WORK ITEM
With the pictures excluded, reproduce all of the data exactly.

DATA BLOCK
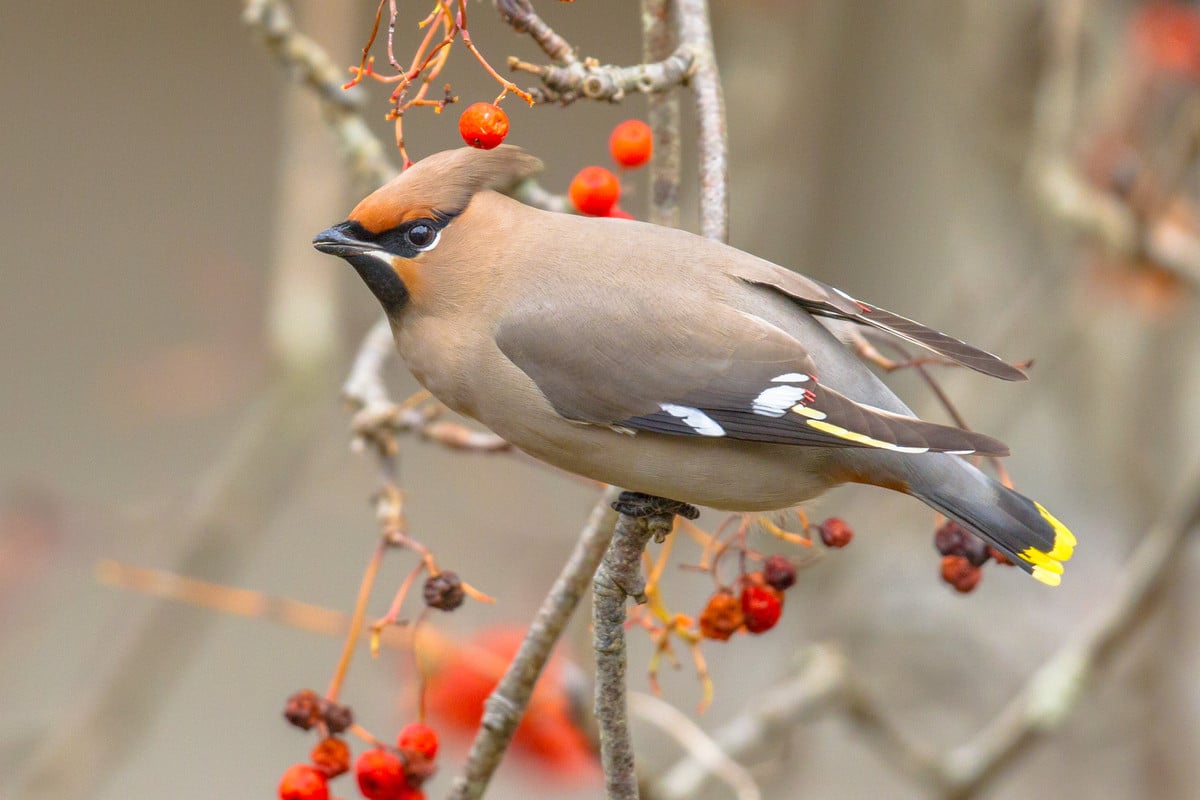 Cet oiseau du Nord s’installe en France chaque hiver, et son chant — free download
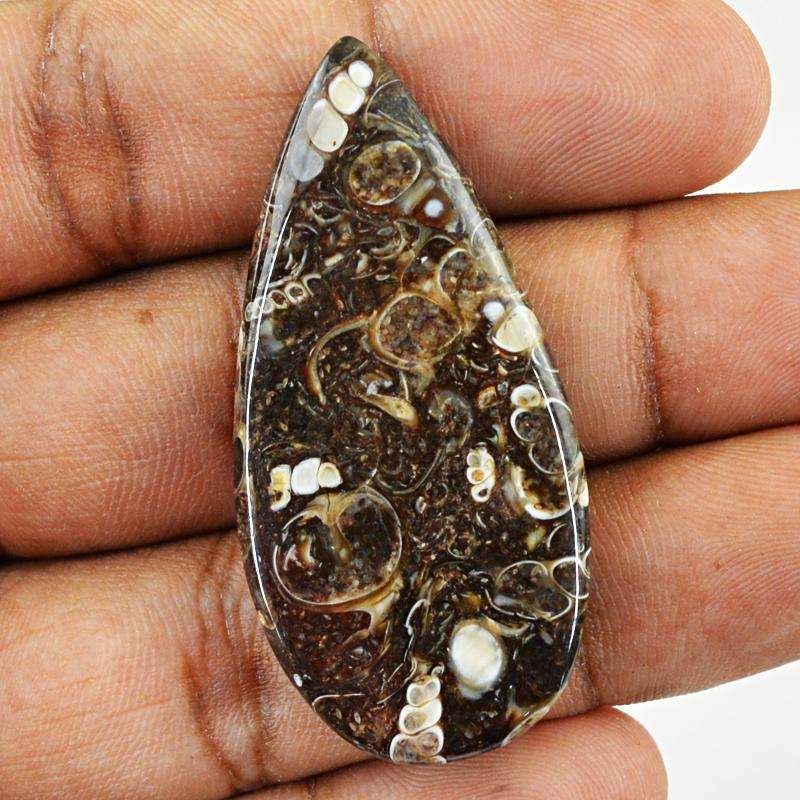 gemsmore:Pear Shape Crinoid Fossil Gemstone Natural Untreated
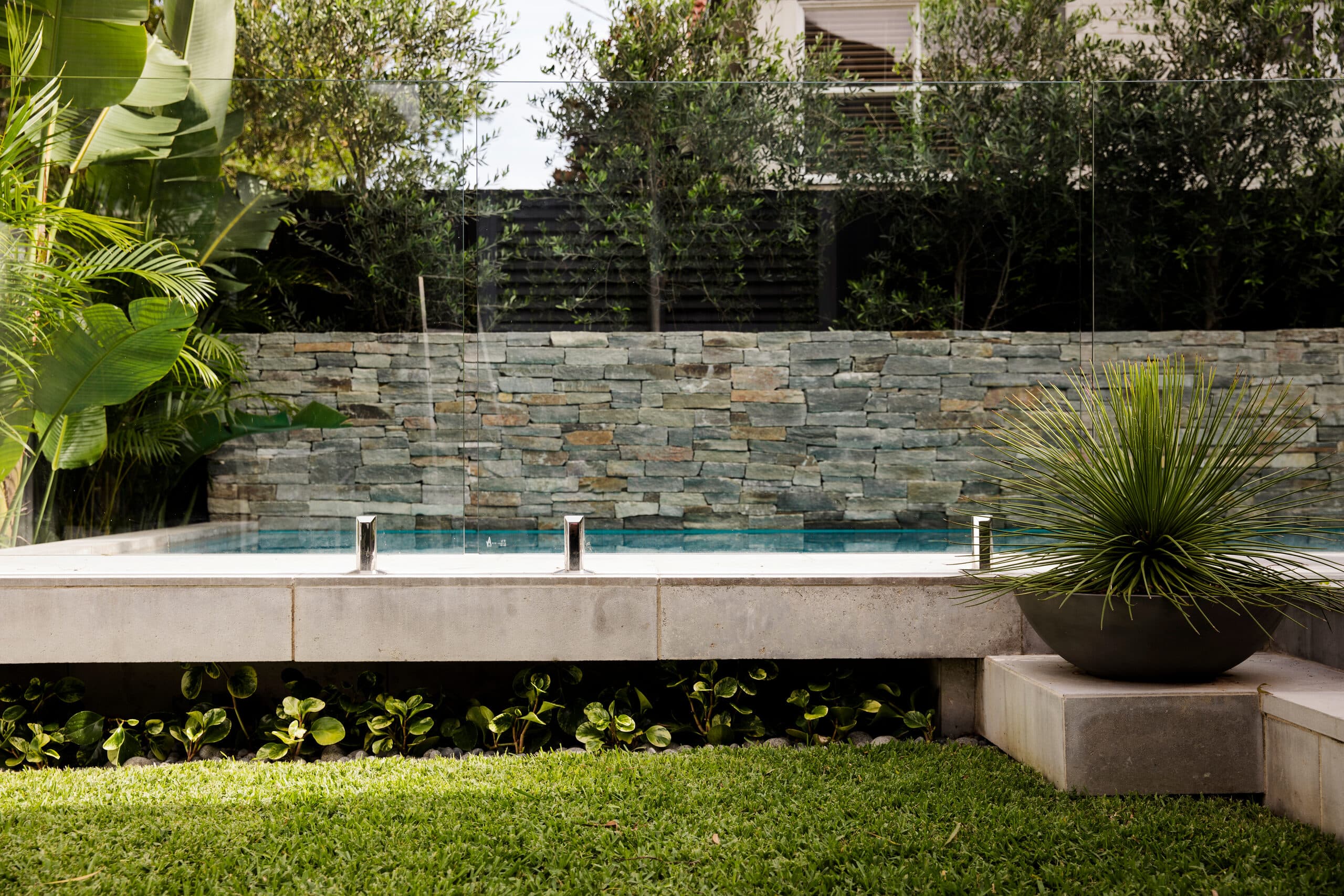 Lap pool behind a frameless glass fence against a dry-stone wall with a spiky feature plant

ANSWER BELOW
 Cet oiseau du Nord s’installe en France chaque hiver, et son chant — free download
 gemsmore:Pear Shape Crinoid Fossil Gemstone Natural Untreated
 Lap pool behind a frameless glass fence against a dry-stone wall with a spiky feature plant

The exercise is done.